You need to merge them into a new binary tree. The merge rule is that if two nodes overlap, then sum node values up as the new value of the merged node. Otherwise, the NOT null node will be used as the node of new tree.

题目分析：
合并二棵树，其实就是遍历的问题，采用先序遍历，先访问根结点，然后访问左子结点，右子结点，采用递归的方式来实现，对于递归肯定是有结束的判断，对于结束的条件返回什么比较合算，需要在不同的题中，不同的分析。在本题中，结束返回的是处理完的那个节点，然后之前的结点的左子结点，右子结点就可以为其赋值，达到想要的结果。
python代码的实现：

# Definition for a binary tree node.
# class TreeNode(object):
#     def __init__(self, x):
#         self.val = x
#         self.left = None
#         self.right = None

class Solution(object):
    def mergeTrees(self, t1, t2):
        """
        :type t1: TreeNode
        :type t2: TreeNode
        :rtype: TreeNode
        """
        if t1 != None and t2 != None:
            t1.val = t1.val + t2.val
        if t1 == None and t2 != None:
            return t2
        if t1 != None and t2 == None:
            return t1
        if t1 == None and t2 == None:
            return t1
        t1_l = t1.left
        t2_l = t2.left
        node = self.mergeTrees(t1_l, t2_l)
        t1.left = node
        t1_r = t1.right
        t2_r = t2.right
        node = self.mergeTrees(t1_r, t2_r)
        t1.right = node
        return t1

再重新写一遍程序，发现之前的只是实现功能，改变了原有的树的结构，这并不是我们愿意看到的景象，所以，应该是新建节点，然后建立新的树。其实下面的代码也是改变了结构，改了不相匹配的节点（一个为空，一个不为空，改变了不为空的那个节点）
python代码：

    def mergeTrees(self, t1, t2):
        """
        :type t1: TreeNode
        :type t2: TreeNode
        :rtype: TreeNode
        """
        if t1 and t2:
            new_node = TreeNode(t1.val + t2.val)
            new_node.left = self.mergeTrees(t1.left, t2.left)
            new_node.right = self.mergeTrees(t1.right, t2.right)
            return new_node
        return t1 or t2

先来看看大神们是怎么做的。大佬真的是厉害，通过判断，为空的变化为0来做，然后就可以把语句整合到一起了。

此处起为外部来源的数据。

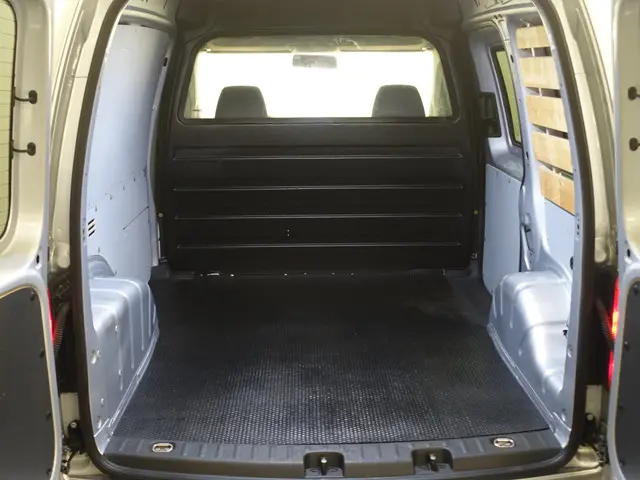 Volkswagen Caddy 2.0 TDI Euro 6 L1 R-Line+ 2018 Diesel 3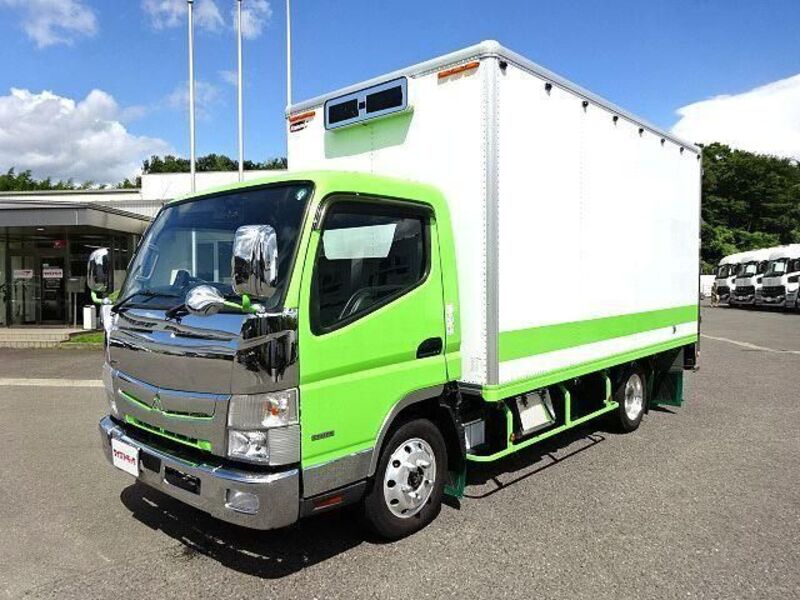 MITSUBISHI CANTER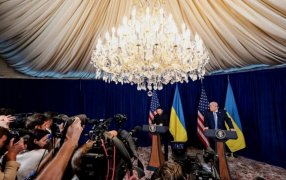 El Presidente de Estados Unidos, Donald Trump redobla sus grandes apuestas de política exterior en un torbellino de fin de año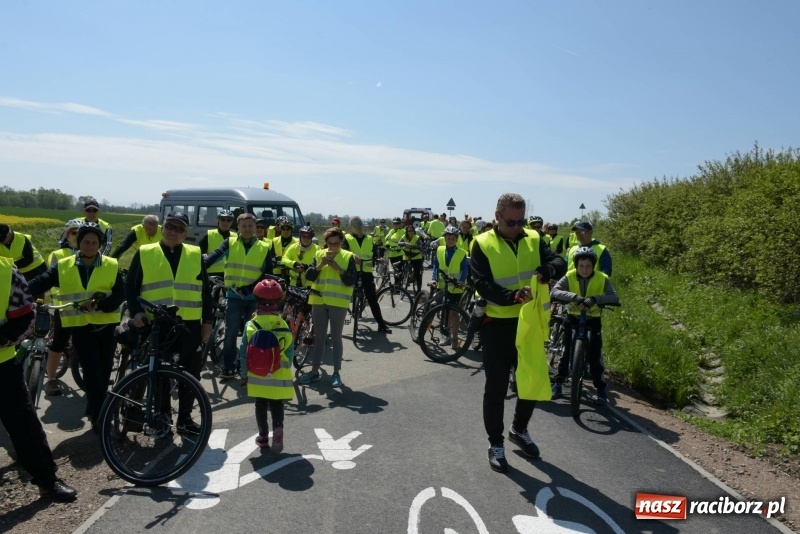 Zdjęcie w galerii na portalu naszraciborz.pl: Ale jazda ! Rajd rozpoczynający sezon rowerowy w gminie Krzyżanowice  wiadomości z regionu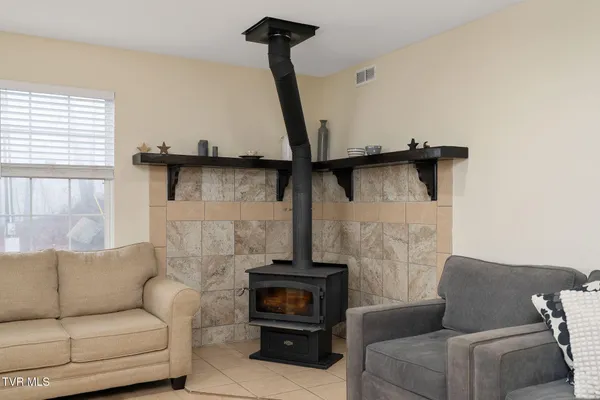 $249,999 | 7538 Snake Hollow Road, Sneedville, TN 37869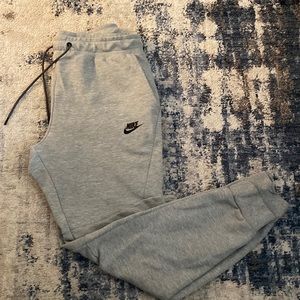 Nike Tech Fleece Sweatpants
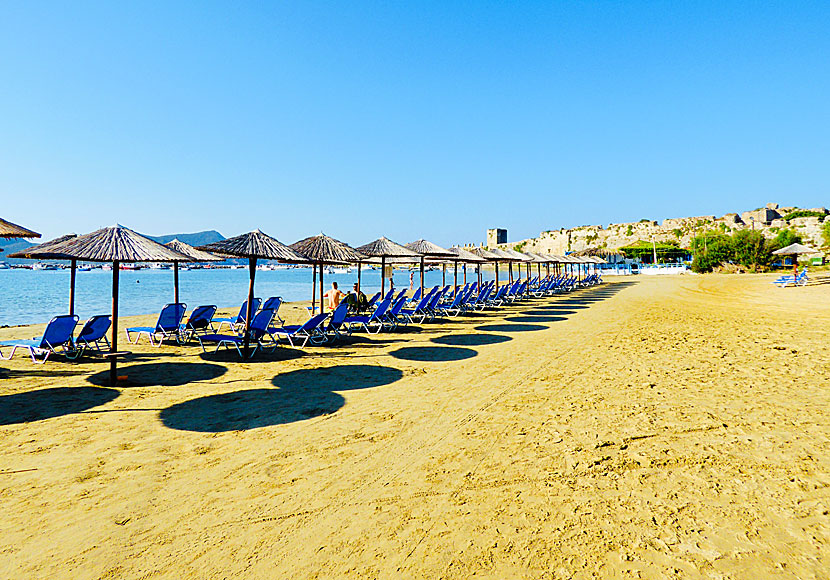 Solstolar och parasoll finns att hyra på Methoni beach på Peloponnesos.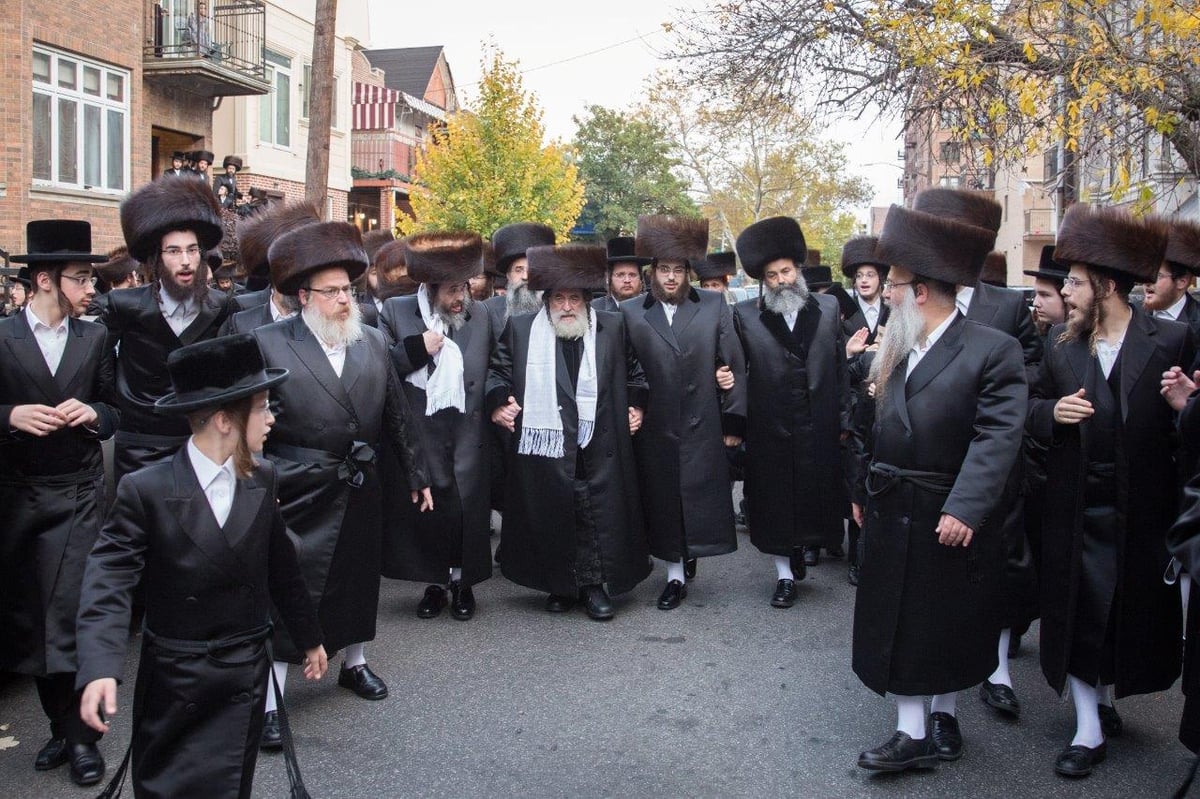 אלפי חסידים בפארשפיל לנכד הרבי מויז'ניץ • צפו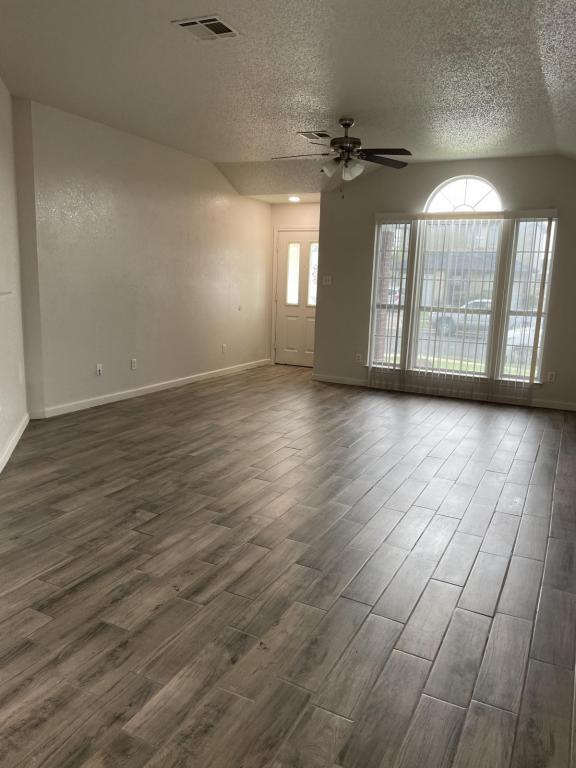 Photo - 2211 Garrett Dr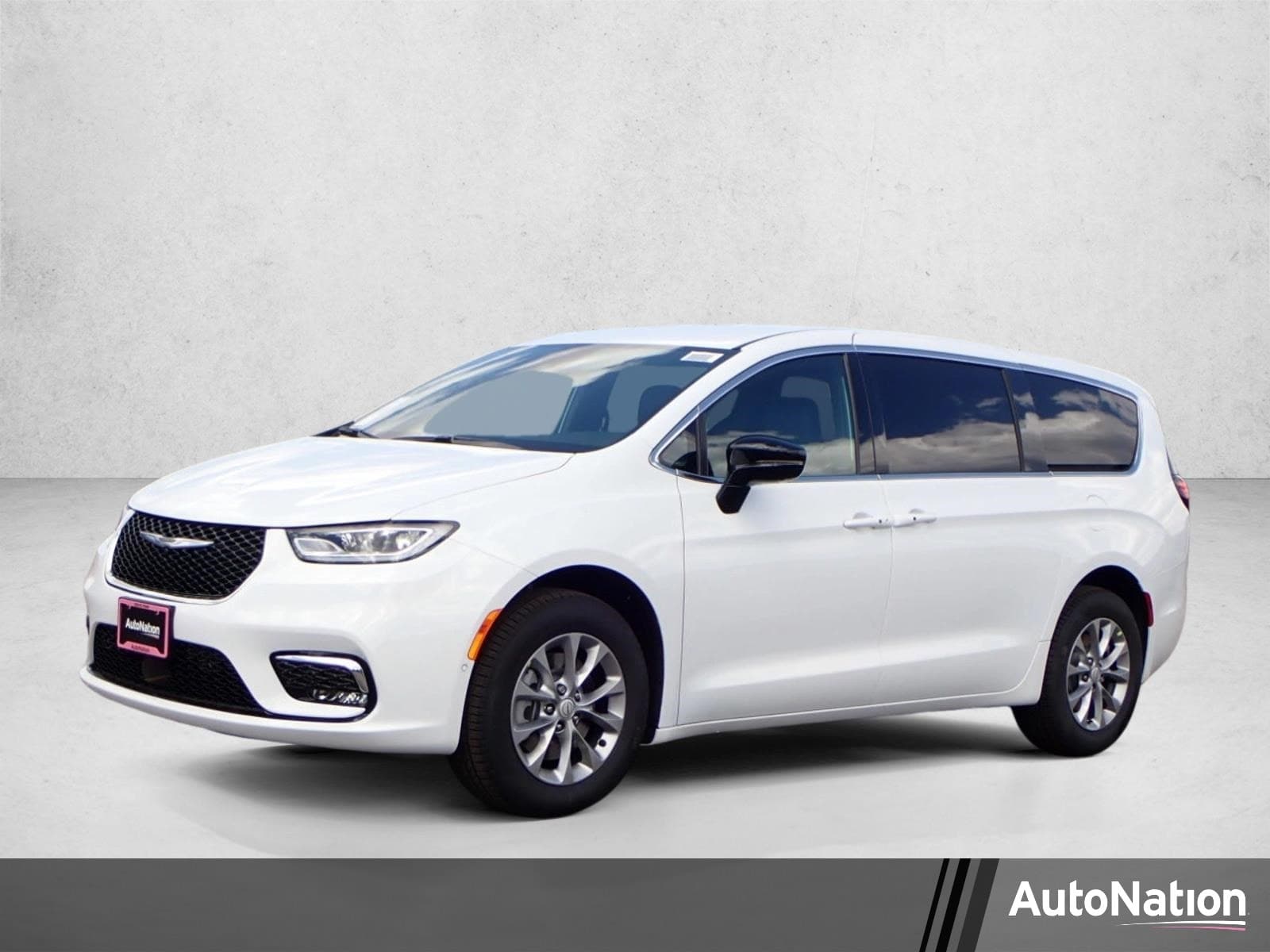2026 Chrysler Pacifica Select — photo 1 of 38
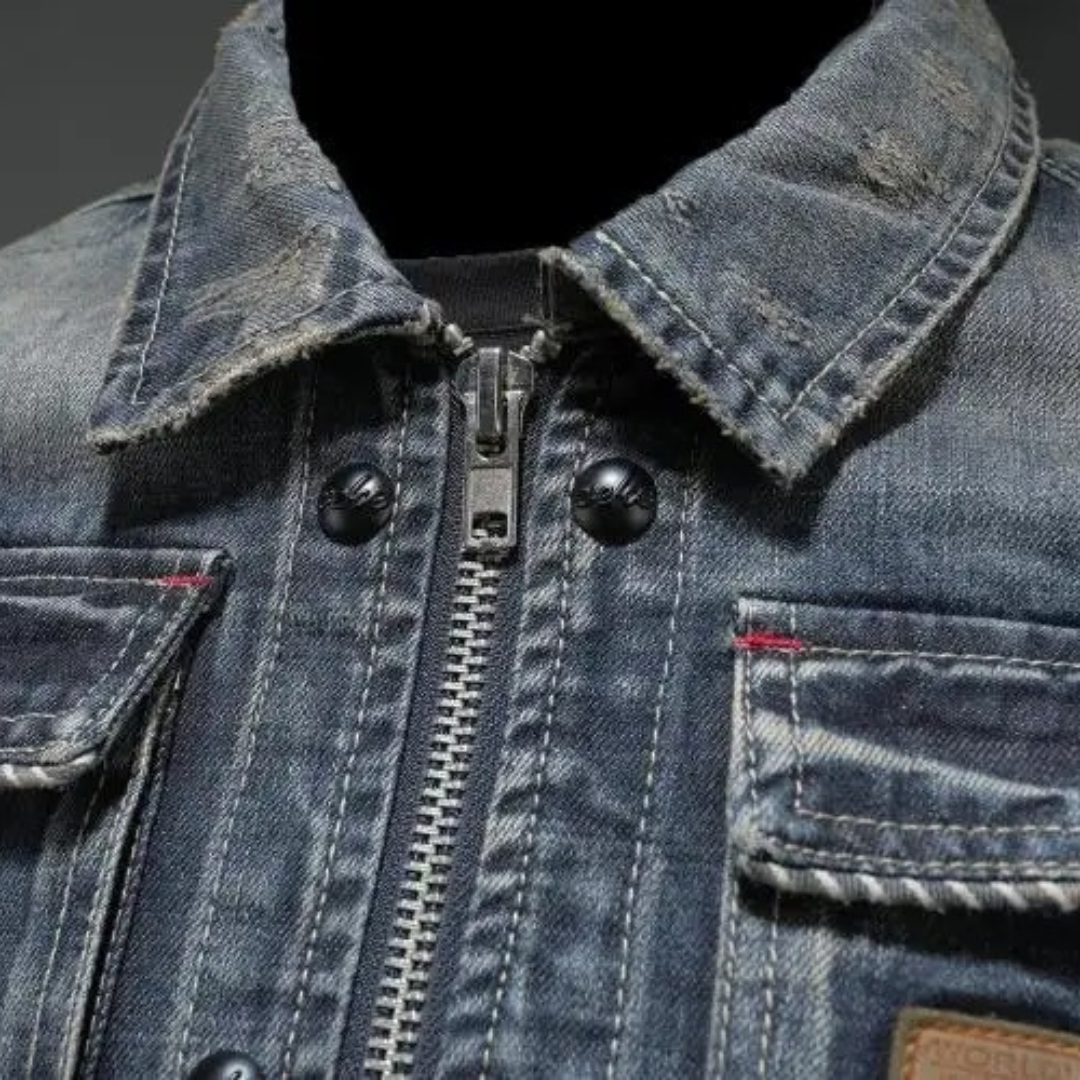 Męska klasyczna kurtka jeansowa – miejska elegancja i ponadczasowy look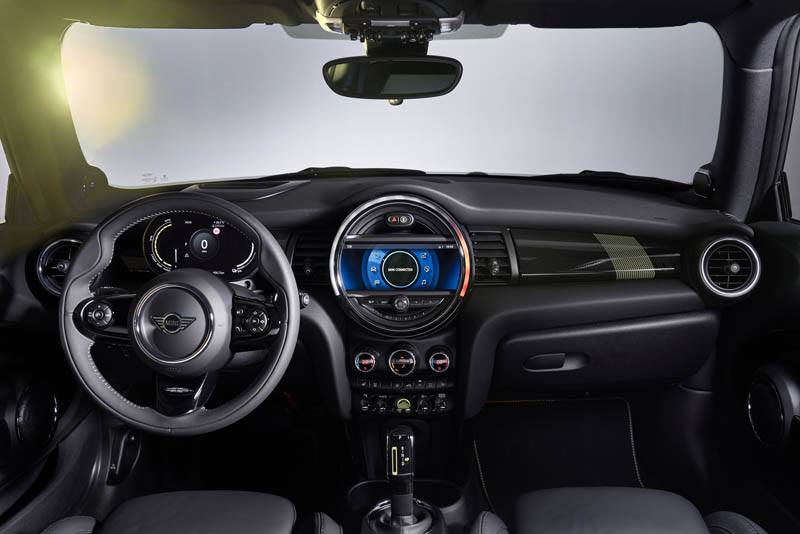 Mini-Electric-SE_interior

def mergeTrees(self, t1, t2):
    if not t1 and not t2: return None
    ans = TreeNode((t1.val if t1 else 0) + (t2.val if t2 else 0))
    ans.left = self.mergeTrees(t1 and t1.left, t2 and t2.left)
    ans.right = self.mergeTrees(t1 and t1.right, t2 and t2.right)
    return ans

我刚刚一晃神，以为是自己写的程序，，哇，原来也是之前复制粘贴大佬的程序，居然跟我写的一样，尴尬，保证没有抄袭。。

class Solution(object):
    def mergeTrees(self, t1, t2):
        if t1 and t2:
            root = TreeNode(t1.val + t2.val)
            root.left = self.mergeTrees(t1.left, t2.left)
            root.right = self.mergeTrees(t1.right, t2.right)
            return root
        else:
            return t1 or t2

class Solution(object):
    def mergeTrees(self, t1, t2):
        """
        :type t1: TreeNode
        :type t2: TreeNode
        :rtype: TreeNode
        """
        if not t1 and not t2: return None
        if t1:
            v1, L1, R1 = t1.val, t1.left, t1.right
        else:
            v1, L1, R1 = 0, None, None
        if t2:
            v2, L2, R2 = t2.val, t2.left, t2.right
        else:
            v2, L2, R2 = 0, None, None
        node = TreeNode(v1+v2)
        node.left = self.mergeTrees(L1, L2)
        node.right = self.mergeTrees(R1, R2)
        return node

大佬另辟蹊径，然后把类别分出来，然后依据类别进行选择。。。666.